Any officer may resign at any time by giving written notice to the Company. Any resignation
shall take effect at the date of the receipt of that notice or at any later time specified in that
notice. Unless otherwise specified in the notice of resignation, the acceptance of the resignation
shall not be necessary to make it effective. Any resignation is without prejudice to the rights, if
any, of the Company under any contract to which the officer is a party.
4.5
Vacancies in Offices. Any vacancy occurring in any office of the Company shall be filled by
the Board or as provided in section 4.3.
4.6
Representation of Shares of Other Corporations. Unless otherwise directed by the Board, the
President or any other person authorized by the Board or the President is authorized to vote,
represent and exercise on behalf of the Company all rights incident to any and all shares of any
other corporation or corporations standing in the name of the Company. The authority granted herein
may be exercised either by such person directly or by any other person authorized to do so by proxy
or power of attorney duly executed by such person having the authority.
4.7
Authority and Duties of Officers. Except as otherwise provided in these bylaws, the officers
of the Company shall have such powers and duties in the management of the Company as may be
designated from time to time by the Board and, to the extent not so provided, as generally pertain
to their respective offices, subject to the control of the Board.
ARTICLE V INDEMNIFICATION
5.1
Indemnification of Directors and Officers in Third Party Proceedings. Subject to the other
provisions of this Article V, the Company shall indemnify, to the fullest extent permitted by the
DGCL, as now or hereinafter in effect, any person who was or is a party or is threatened to be made
a party to any threatened, pending or completed action, suit or proceeding, whether civil,
criminal, administrative or investigative (a Proceeding) (other than an action by or in the right
of the Company) by reason of the fact that such person is or was a director or officer of the
Company, or is or was a director or officer of the Company serving at the request of the Company as
a director, officer, employee or agent of another corporation, partnership, joint venture, trust or
other enterprise, against expenses (including attorneys fees), judgments, fines and amounts paid
in settlement actually and reasonably incurred by such person in connection with such Proceeding if
such person acted in good faith and in a manner such person reasonably believed to be in or not
opposed to the best interests of the Company, and, with respect to any criminal action or
proceeding, had no reasonable cause to believe such persons conduct was unlawful.
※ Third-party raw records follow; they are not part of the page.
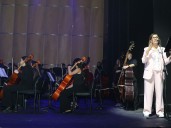 En fotos. Todos los invitados a la Gala Solidaria de Fundación SOIJAr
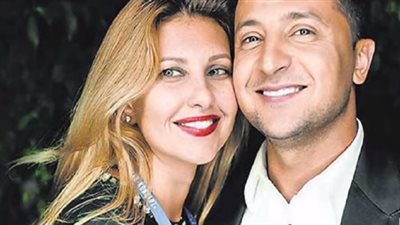 زوجة الرئيس زيلينسكي تثير حنق الأوكرانيين بعبارة واحدة.. ما هي؟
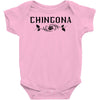 chingona Baby Bodysuit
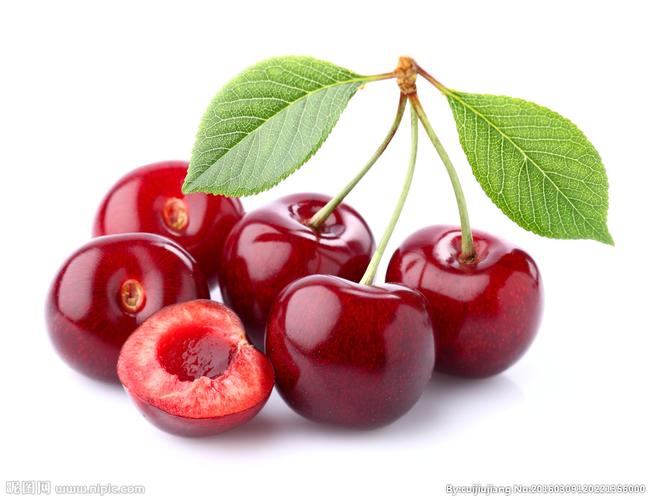 车厘子图片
The termination
of any Proceeding by judgment, order, settlement, conviction, or upon a plea of nolo contendere or
its equivalent, shall not, of itself, create a presumption that the person did not act in good
faith and in a manner which such person reasonably believed to be in or not opposed to the best
interests of the Company, and, with respect to any criminal action or proceeding, had reasonable
cause to believe that such persons conduct was unlawful.
5.2
Indemnification of Directors and Officers in Actions by or in the Right of the Company.
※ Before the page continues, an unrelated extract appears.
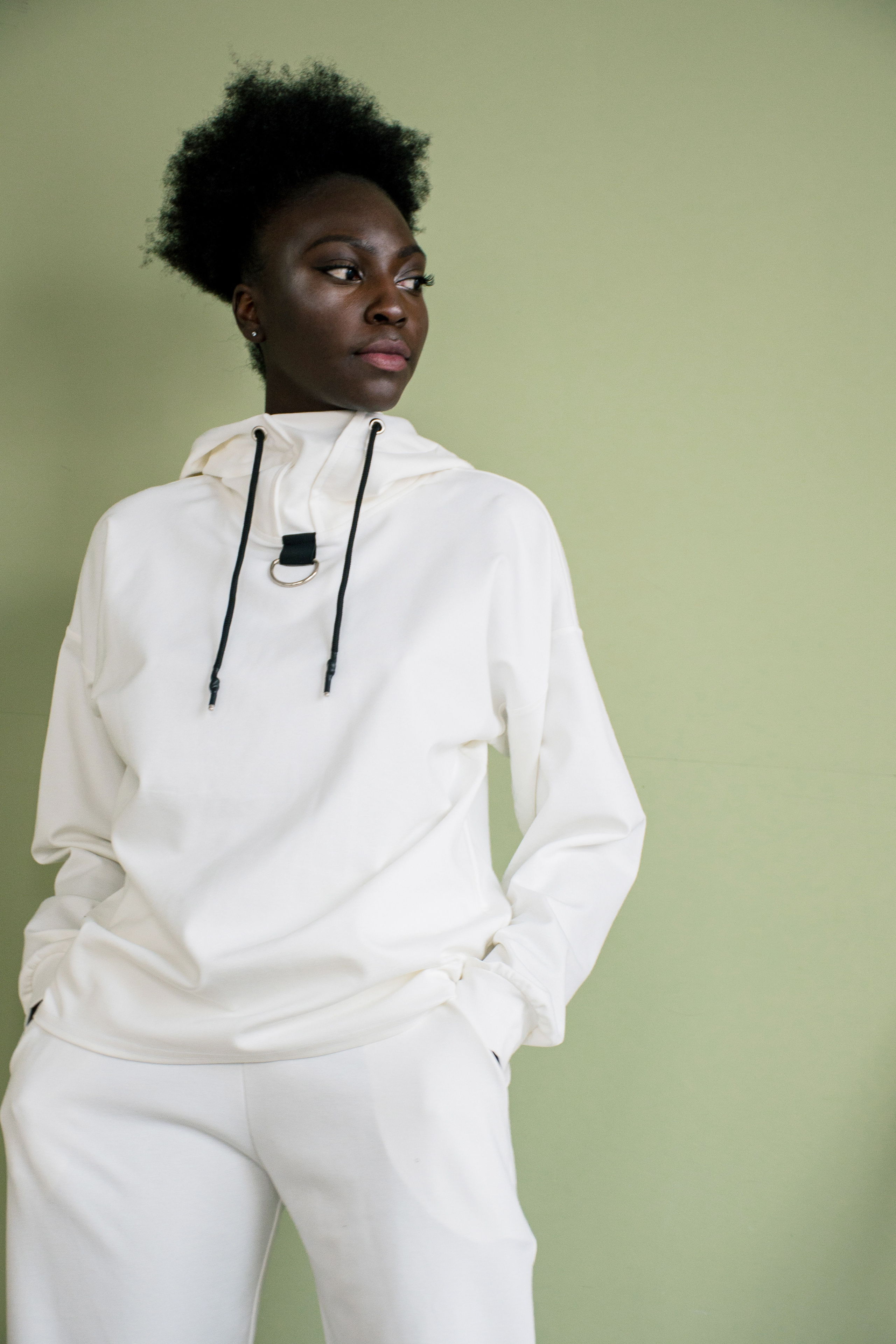 MALAEVA. Elizaveta Filchenko. Fashion-photographer and director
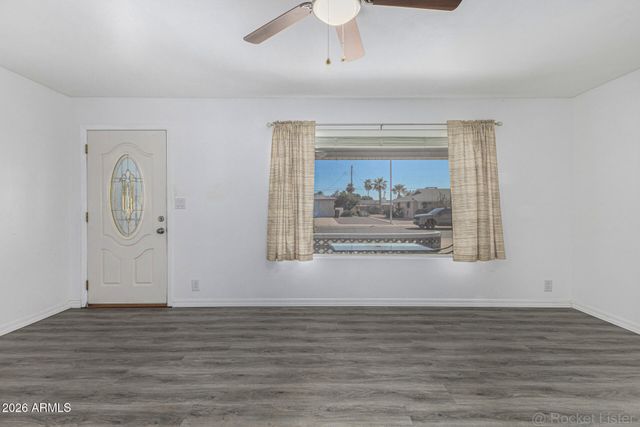 5416 E Baltimore Street, Mesa, AZ 85205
Subject to the other provisions of this Article V, the Company shall indemnify, to the fullest
extent permitted by the DGCL, as now or hereinafter in effect, any person who was or is a party or
is threatened to be made a party to any threatened, pending or completed action or suit by or in
the right of the Company to procure a judgment in its favor by reason of the fact that such person
is or was a director or officer of the Company, or is or was a director or officer of the Company
serving at the request of the Company as a director, officer, employee or agent of another
corporation, partnership, joint venture, trust or other enterprise against expenses (including
attorneys fees) actually and reasonably incurred by such person in connection with the defense or
settlement of such action or suit if such person acted in good faith and in a manner such person
reasonably believed to be in or not opposed to the best interests of the Company; except that no
indemnification shall be made in respect of any claim, issue or matter as to which such person
shall have been adjudged to be liable to the Company unless and only to the extent that the Court
of Chancery or the court in which such action or suit was brought shall determine upon application
that, despite the adjudication of liability but in view of all the circumstances of the case, such
person is fairly and reasonably entitled to indemnity for such expenses which the Court of Chancery
or such other court shall deem proper.
5.3
Successful Defense. To the extent that a present or former director or officer of the Company
has been successful on the merits or otherwise in defense of any action, suit or proceeding
described in section 5.1 or section 5.2, or in defense of any claim, issue or matter therein, such
person shall be indemnified against expenses (including attorneys fees) actually and reasonably
incurred by such person in connection therewith.
5.4
Indemnification of Others. Subject to the other provisions of this Article V, the Company
shall have power to indemnify its employees and agents to the extent not prohibited by the DGCL or
other applicable law. The Board shall have the power to delegate to the determination of whether
employees or agents shall be indemnified.
5.5
Advanced Payment of Expenses. Expenses (including attorneys fees) incurred by an officer or
director of the Company in defending any Proceeding shall be paid by the Company in advance of the
final disposition of such Proceeding upon receipt of a written request therefor (together with
documentation reasonably evidencing such expenses) and an undertaking by or on behalf of such
officer or director to repay such amounts if it shall ultimately be determined that such person is
not entitled to be indemnified by the Company under this Article V or the DGCL. Such expenses
(including attorneys fees) incurred by former directors and officers or other employees and agents
may be so paid upon such terms and conditions, if any, as the Company deems appropriate. The right
to advancement of expenses shall not apply to any Proceeding for which indemnity is excluded
pursuant to these bylaws, but shall apply to any Proceeding referenced in section 5.6(ii) or
5.6(iii) prior to a determination that the person is not entitled to be indemnified by the Company.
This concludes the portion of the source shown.